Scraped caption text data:
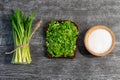 Wild leek pesto on a slice of bread with olive oil and salt on a wooden table with bread. Useful properties of wild garlic. Fresh Royalty Free Stock Photo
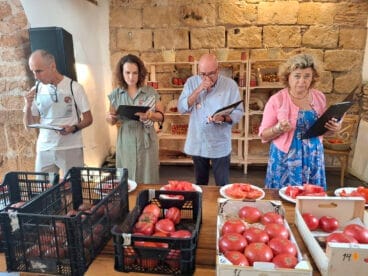 Concurso La millor tomaca de La Marina 2025 52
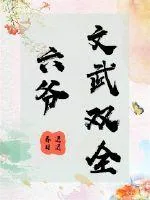 《六爷文武双全》小说封面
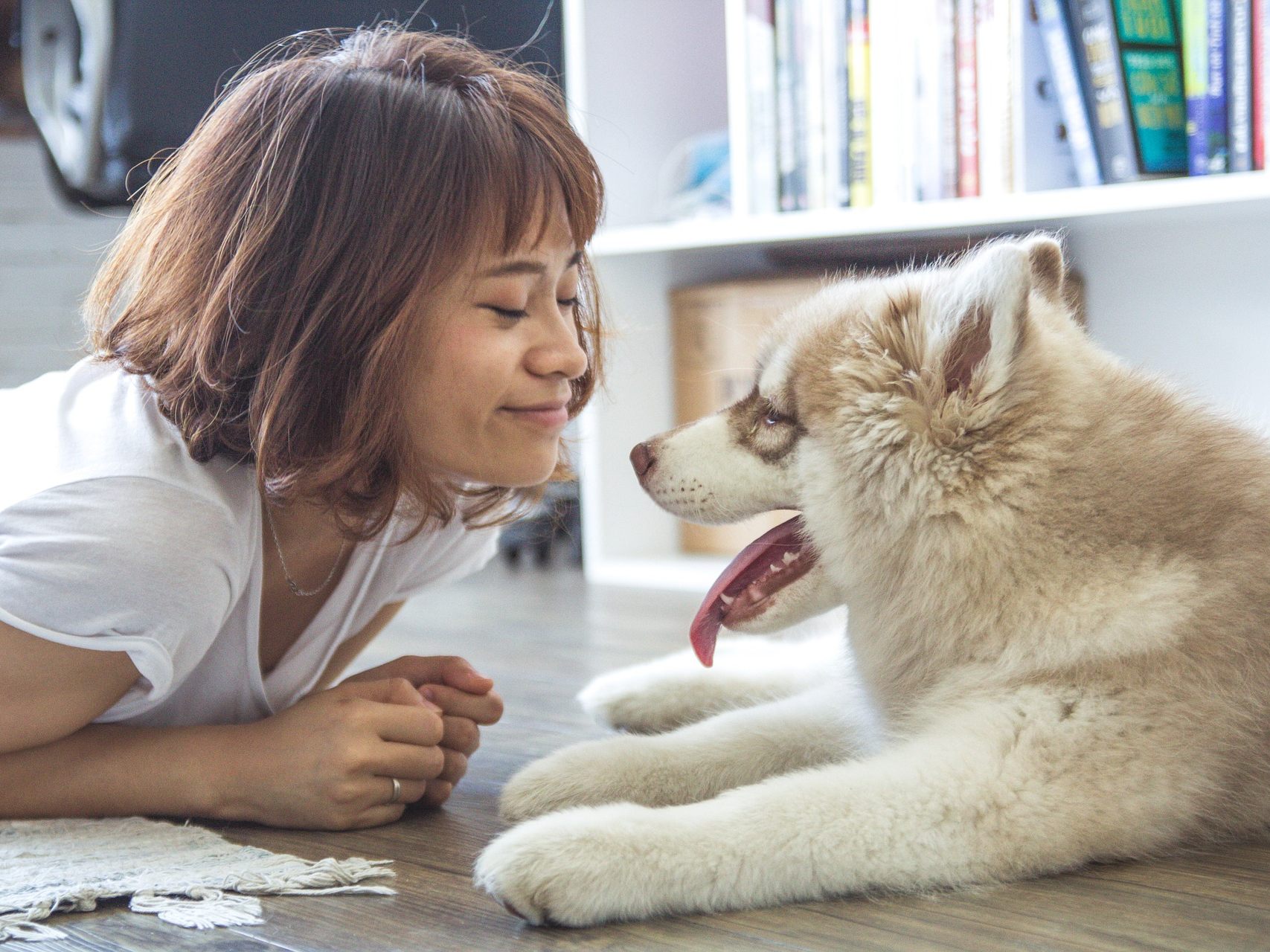 Wenn der Halter sich über einen anderen Hund freut, wird starke Erregung ausgelöst, weil der Hund möglicherweise die Beziehung zur menschlichen Bezugsperson gefährdet sieht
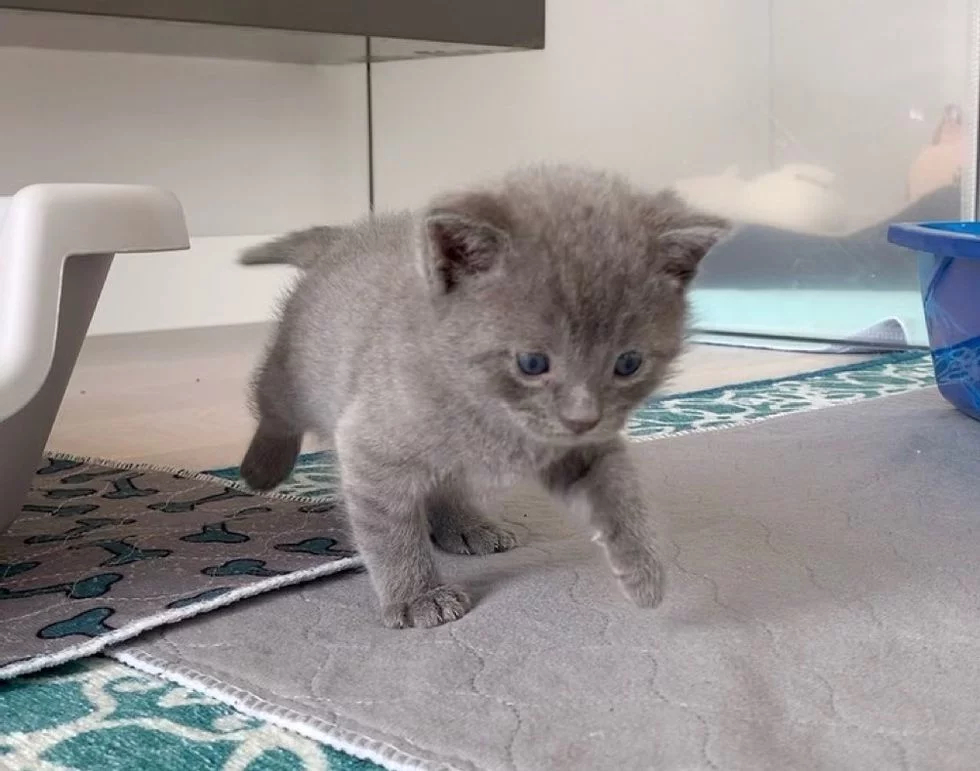 Без кота и жизнь не та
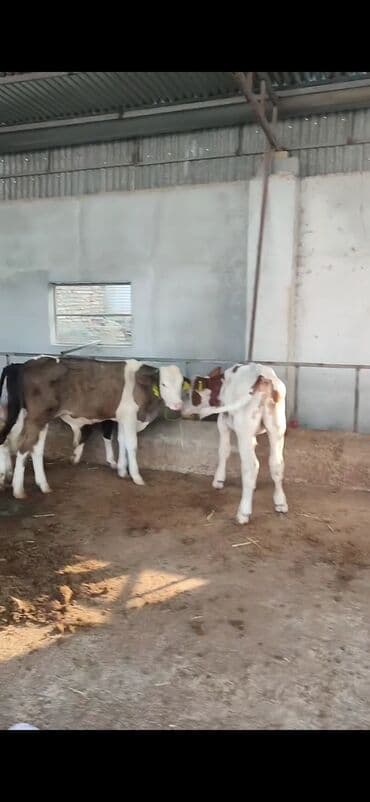 Satış: Qaramal buzovları - Növ: Simmental tipli ətlik/südlük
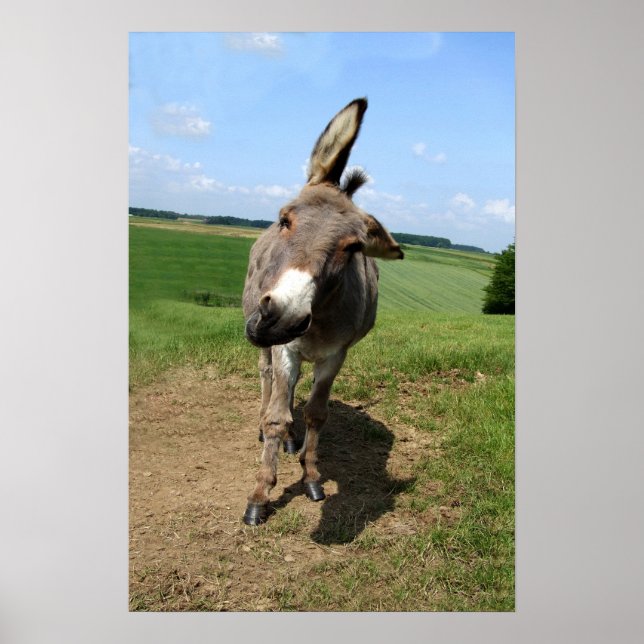 Lustiger Esel Poster (Framsidan)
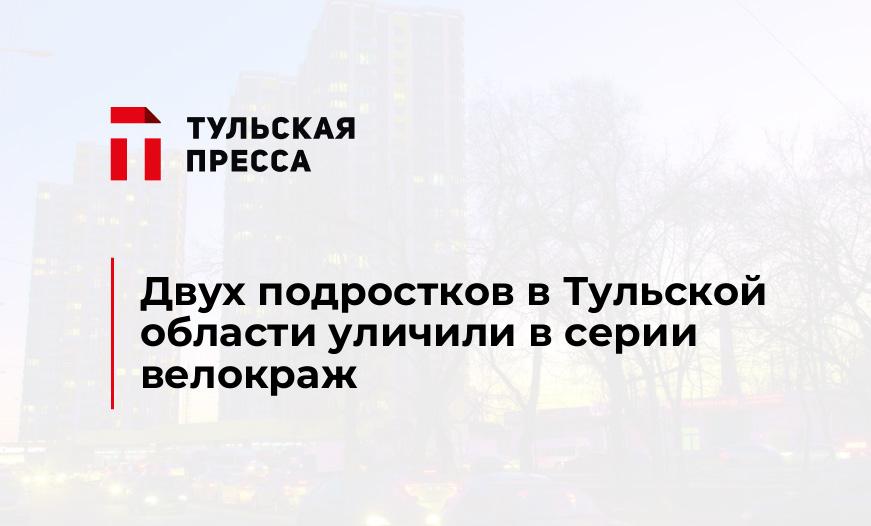Двух подростков в Тульской области уличили в серии велокраж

◆ **INSTRUCTIONS TO FOLLOW**
Return the entries unchanged, save for the pictures, which do not belong in the copy.

◆ **ANSWER BOX**
 Wild leek pesto on a slice of bread with olive oil and salt on a wooden table with bread. Useful properties of wild garlic. Fresh Royalty Free Stock Photo
 Concurso La millor tomaca de La Marina 2025 52
 《六爷文武双全》小说封面
 Wenn der Halter sich über einen anderen Hund freut, wird starke Erregung ausgelöst, weil der Hund möglicherweise die Beziehung zur menschlichen Bezugsperson gefährdet sieht
 Без кота и жизнь не та
 Satış: Qaramal buzovları - Növ: Simmental tipli ətlik/südlük
 Lustiger Esel Poster (Framsidan)
Двух подростков в Тульской области уличили в серии велокраж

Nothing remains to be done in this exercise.